Berdasarkan wawancara dengan sejumlah guru di Jepang,
Caterine Lewis mengemukakan bahwa Lesson Study sangat efektif bagi guru
karena telah memberikan keuntungan dan kesempatan kepada para guru untuk dapat:
(1) memikirkan secara lebih teliti lagi tentang tujuan, materi tertentu yang
akan dibelajarkan kepada siswa, (2) memikirkan secara mendalam tentang
tujuan-tujuan pembelajaran untuk kepentingan masa depan siswa, misalnya tentang
arti penting sebuah persahabatan, pengembangan perspektif dan cara berfikir
siswa, serta kegandrungan siswa terhadap ilmu pengetahuan, (3) mengkaji tentang
hal-hal terbaik yang dapat digunakan dalam pembelajaran melalui belajar dari
para guru lain (peserta atau partisipan Lesson Study), (4) belajar
tentang isi atau materi pelajaran dari guru lain sehingga dapat menambah
pengetahuan tentang apa yang harus diberikan kepada siswa, (5) mengembangkan
keahlian dalam mengajar, baik pada saat merencanakan pembelajaran maupun selama
berlangsungnya kegiatan pembelajaran, (6) membangun kemampuan melalui
pembelajaran kolegial, dalam arti para guru bisa saling belajar tentang apa-apa
yang dirasakan masih kurang, baik tentang pengetahuan maupun keterampilannya
dalam membelajarkan siswa, dan (7) mengembangkan “The Eyes to See Students”
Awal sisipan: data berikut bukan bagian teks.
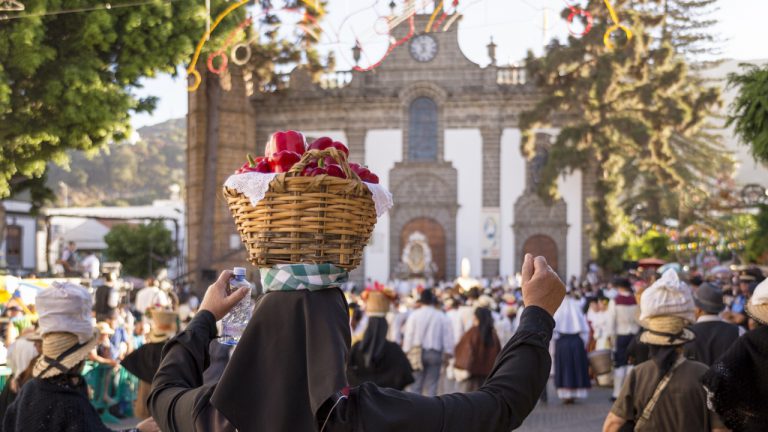 Gran Canaria se congrega en Teror para participar en la 68ª edición de la Romería-Ofrenda del Pino 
(kodomo wo miru me), dalam arti dengan dihadirkannya para pengamat
(obeserver), pengamatan tentang perilaku belajar siswa bisa semakin detail dan
jelas.
Sementara itu, menurut Lesson Study Project
(LSP) beberapa manfaat lain yang bisa diambil dari Lesson Study,
diantaranya: (1) guru dapat mendokumentasikan kemajuan kerjanya, (2) guru dapat
memperoleh umpan balik dari anggota/komunitas lainnya, dan (3) guru dapat
mempublikasikan dan mendiseminasikan hasil akhir dari Lesson Study.
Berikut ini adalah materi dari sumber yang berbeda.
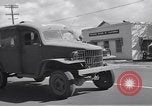 Image des scènes de rue Seconde Guerre Mondiale à Honolulu Honolulu Hawaii USA, 1942, de la seconde 61 séquences d'archives historiques vidéo 65675037187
Dalam konteks pendidikan di Indonesia, manfaat yang ketiga ini dapat dijadikan
sebagai salah satu Karya Tulis Ilmiah Guru, baik untuk kepentingan kenaikan
pangkat maupun sertifikasi guru.
Terkait dengan penyelenggaraan Lesson Study,
Slamet Mulyana (2007) mengetengahkan tentang dua tipe penyelenggaraan Lesson
Study, yaitu Lesson Study berbasis sekolah dan Lesson Study berbasis
MGMP. Lesson Study berbasis sekolah dilaksanakan oleh semua guru dari
berbagai bidang studi dengan kepala sekolah yang bersangkutan. dengan tujuan
agar kualitas proses dan hasil pembelajaran dari semua mata pelajaran di
sekolah yang bersangkutan dapat lebih ditingkatkan. Sedangkan Lesson Study
berbasis MGMP merupakan pengkajian tentang proses pembelajaran yang dilaksanakan
oleh kelompok guru mata pelajaran tertentu, dengan pendalaman kajian tentang
proses pembelajaran pada mata pelajaran tertentu, yang dapat dilaksanakan pada
tingkat wilayah, kabupaten atau mungkin bisa lebih diperluas lagi.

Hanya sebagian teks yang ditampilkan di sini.